TASK DESCRIPTION: Could you repeat the data word for word while skipping the pictures?

GIVEN MATERIAL:
════════

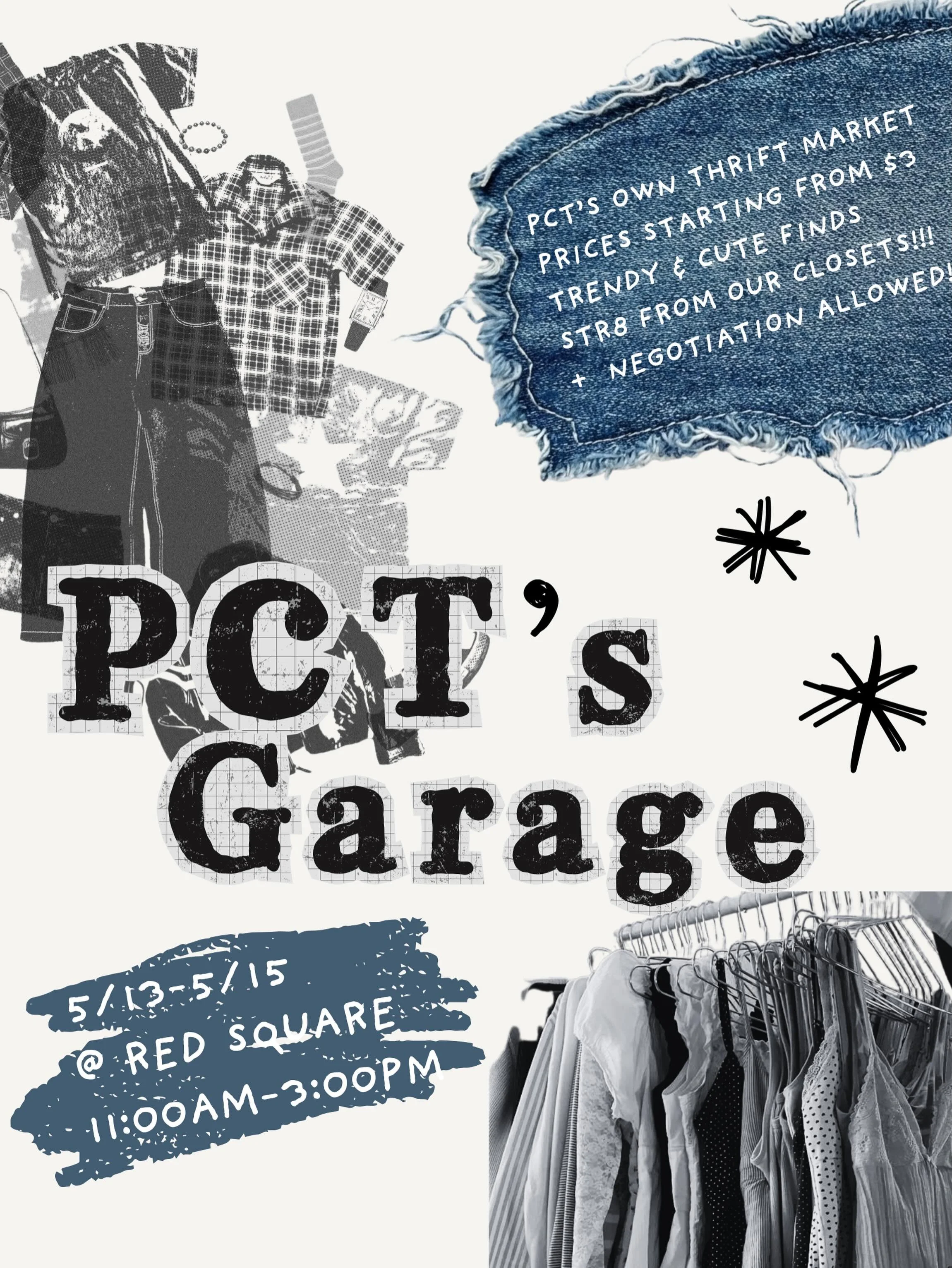 Closet cleanout for a cause👕💫

Shop trendy thrift finds straight from our actives&rsquo; closets, all at low prices starting from just $3 at PCT&rsquo;s Garage! From cute basics to unique pieces, every purchase helps make a difference.

A portion o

════════

OUTPUT OF THE EXERCISE:
 Closet cleanout for a cause👕💫

Shop trendy thrift finds straight from our actives&rsquo; closets, all at low prices starting from just $3 at PCT&rsquo;s Garage! From cute basics to unique pieces, every purchase helps make a difference.

A portion o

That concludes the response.